In the past month, there have been many announcements on the topic of quantum communication, both in research and in the industry. Thales Alenia Space, the joint venture between Thales and Leonardo, and SpeQtral, a satellite quantum communications technology company, signed a memorandum of understanding to research, develop, and demonstrate quantum communications from space to Earth. Shortly afterward, the leading satellite communications operator SES signed a contract with the European Space Agency for a 20-company consortium to build and operate a Low Earth Orbit (LEO) small satellite—called Eagle-1—to test long-distance Quantum Key Distribution (QKD).

In the beginning of October, the Royal Swedish Academy of Sciences, the institution which hands out the Nobel Prize, awarded a group of scientists (Alain Aspect, John Clauser, and Anton Zeilinger) with the Nobel Prize in Physics 2022. The award was granted due to their work in quantum mechanics and, in particular, quantum entanglement—a phenomenon where two particles are linked regardless of the distance or space between them. Although the prize was only awarded this year, the Chinese Micius satellite (orbiting at about 500 km), built partially based on Clauser’s findings in quantum physics research, has successfully conducted a communication link between two ground stations separated by more than 1,120 km in 2020.

For communications, privacy and security are key. The current infrastructure for our communications networks utilizes what is known as the Public Key Infrastructure (PKI). Crucial in encrypting our data, PKI faces limitations in the future. It plays an important role in facilitating the secured electronic transfer of information in networks by providing a digital key that not only protects data but also can only be opened by the intended receivers. With advancement in quantum computing capabilities, it will become possible to break down the current cryptography infrastructure relatively quickly with attack-capable quantum computers. As such, within the quantum technology community, security has become a critical aspect, and not just for its ability to search for new drugs or solve optimization problems.

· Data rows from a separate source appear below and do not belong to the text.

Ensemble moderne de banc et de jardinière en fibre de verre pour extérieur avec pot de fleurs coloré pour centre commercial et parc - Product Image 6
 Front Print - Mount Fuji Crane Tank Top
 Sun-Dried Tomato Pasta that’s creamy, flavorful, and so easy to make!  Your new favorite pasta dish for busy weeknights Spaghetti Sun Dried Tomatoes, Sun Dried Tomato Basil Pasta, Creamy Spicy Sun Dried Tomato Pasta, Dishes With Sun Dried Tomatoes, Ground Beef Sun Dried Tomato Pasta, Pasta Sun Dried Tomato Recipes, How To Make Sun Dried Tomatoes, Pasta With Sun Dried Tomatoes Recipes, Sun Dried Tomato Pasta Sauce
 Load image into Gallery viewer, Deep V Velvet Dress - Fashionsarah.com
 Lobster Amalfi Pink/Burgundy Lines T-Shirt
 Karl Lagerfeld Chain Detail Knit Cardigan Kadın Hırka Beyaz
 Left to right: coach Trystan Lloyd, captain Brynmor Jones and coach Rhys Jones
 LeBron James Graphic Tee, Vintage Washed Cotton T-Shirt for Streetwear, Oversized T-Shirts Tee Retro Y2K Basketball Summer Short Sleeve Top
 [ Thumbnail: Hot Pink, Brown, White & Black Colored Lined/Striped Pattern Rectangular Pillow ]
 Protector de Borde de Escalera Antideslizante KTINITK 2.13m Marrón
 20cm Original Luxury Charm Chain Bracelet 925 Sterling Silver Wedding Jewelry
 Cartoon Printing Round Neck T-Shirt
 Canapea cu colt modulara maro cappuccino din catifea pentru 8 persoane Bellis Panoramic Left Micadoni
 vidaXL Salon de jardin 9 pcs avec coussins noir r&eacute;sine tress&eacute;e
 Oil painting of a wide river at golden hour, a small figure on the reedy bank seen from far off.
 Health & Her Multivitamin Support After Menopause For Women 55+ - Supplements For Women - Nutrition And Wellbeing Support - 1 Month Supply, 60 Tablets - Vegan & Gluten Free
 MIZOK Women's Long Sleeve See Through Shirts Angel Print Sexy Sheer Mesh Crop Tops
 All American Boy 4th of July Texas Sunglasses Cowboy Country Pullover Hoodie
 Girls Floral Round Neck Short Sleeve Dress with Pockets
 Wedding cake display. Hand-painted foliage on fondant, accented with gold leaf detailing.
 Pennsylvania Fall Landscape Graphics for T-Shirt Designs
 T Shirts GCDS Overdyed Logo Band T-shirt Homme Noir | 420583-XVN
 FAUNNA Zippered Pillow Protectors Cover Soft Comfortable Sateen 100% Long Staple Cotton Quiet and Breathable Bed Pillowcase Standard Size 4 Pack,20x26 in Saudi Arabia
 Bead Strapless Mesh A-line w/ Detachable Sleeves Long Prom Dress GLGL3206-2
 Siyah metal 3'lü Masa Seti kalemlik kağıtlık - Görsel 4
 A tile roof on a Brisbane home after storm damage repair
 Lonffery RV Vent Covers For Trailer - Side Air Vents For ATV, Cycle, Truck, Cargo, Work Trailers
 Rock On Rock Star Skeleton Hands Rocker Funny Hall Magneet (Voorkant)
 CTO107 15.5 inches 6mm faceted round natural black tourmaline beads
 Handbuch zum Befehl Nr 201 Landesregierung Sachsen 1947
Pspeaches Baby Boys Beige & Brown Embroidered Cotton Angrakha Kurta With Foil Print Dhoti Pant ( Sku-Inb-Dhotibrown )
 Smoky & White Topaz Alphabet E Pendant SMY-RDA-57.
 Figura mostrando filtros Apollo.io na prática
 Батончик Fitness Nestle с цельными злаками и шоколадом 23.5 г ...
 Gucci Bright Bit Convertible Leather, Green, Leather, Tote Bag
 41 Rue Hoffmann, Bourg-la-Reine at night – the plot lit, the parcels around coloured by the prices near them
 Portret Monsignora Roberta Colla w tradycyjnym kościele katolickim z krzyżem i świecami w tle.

So how close are we before quantum computing potentially breaks down our current cryptography techniques? Based on the Quantum Threat Timeline Report 2020, experts in quantum computing believe that within two to three decades, quantum computing will be able to break one of the most commonly used encryption algorithms (RSA-2048) within 24 hours, and others believe it might be even sooner (by 2030–2035). The report’s time line seems long, but this time is needed to migrate our current data into new encryption technology and then to consider how long these data can be protected by the technology. If the threat (e.g., quantum computing breaking RSA-2028 encryption) is ready prior to the full migration and integration of new encryption technologies, then we face dire threats in our ability to provide secured communications.

To overcome this, two key technological developments have been developed. The first is Post-Quantum Cryptography (PQC), and the second is QKD. (Please see ABI Research’s “U.S. NIST Announces Post Quantum Cryptography Algorithms for Standardization” [IN-6606] on the progress made in PQC.) QKD is a cryptographic key distribution technique that can be used in communications tapping in quantum physics properties. Within QKD, there are two main types of protocols: (1) prepare-and-measure protocols and (2) entanglement-based protocols. Entanglement-based QKD, where two objects or particles are linked to each other regardless of distance, allows any eavesdropping or intrusion attempts to be exposed to the main parties. Any changes made to one of the particles will affect the other, thus revealing the man in the middle, creating a highly secured communication channel. So how does all this tie back to the announcements released by the companies mentioned? Realizing the threat to traditional encryption technologies, companies such as satellite communication operators have to move ahead as soon as possible to next-generation technology, and they are in a unique position to do so.

QKD can be performed through ground-based means, such as using fiber optics to transmit the photons or via free space transmission. However, there are limitations due to scattering loss as the photons travel through fiber, and thus it is not an optimal method for long distances. The secret key rate (bits/total pulse) starts to drop off exponentially as the distance increases in fiber. While the industry is attempting to build quantum repeaters to reamplify the signals, allowing it to travel longer distances, there are risks that repeaters will discover the message that is passed on. At the same time, research on quantum repeaters is still in the early stages, so it is not known yet how this will pan out.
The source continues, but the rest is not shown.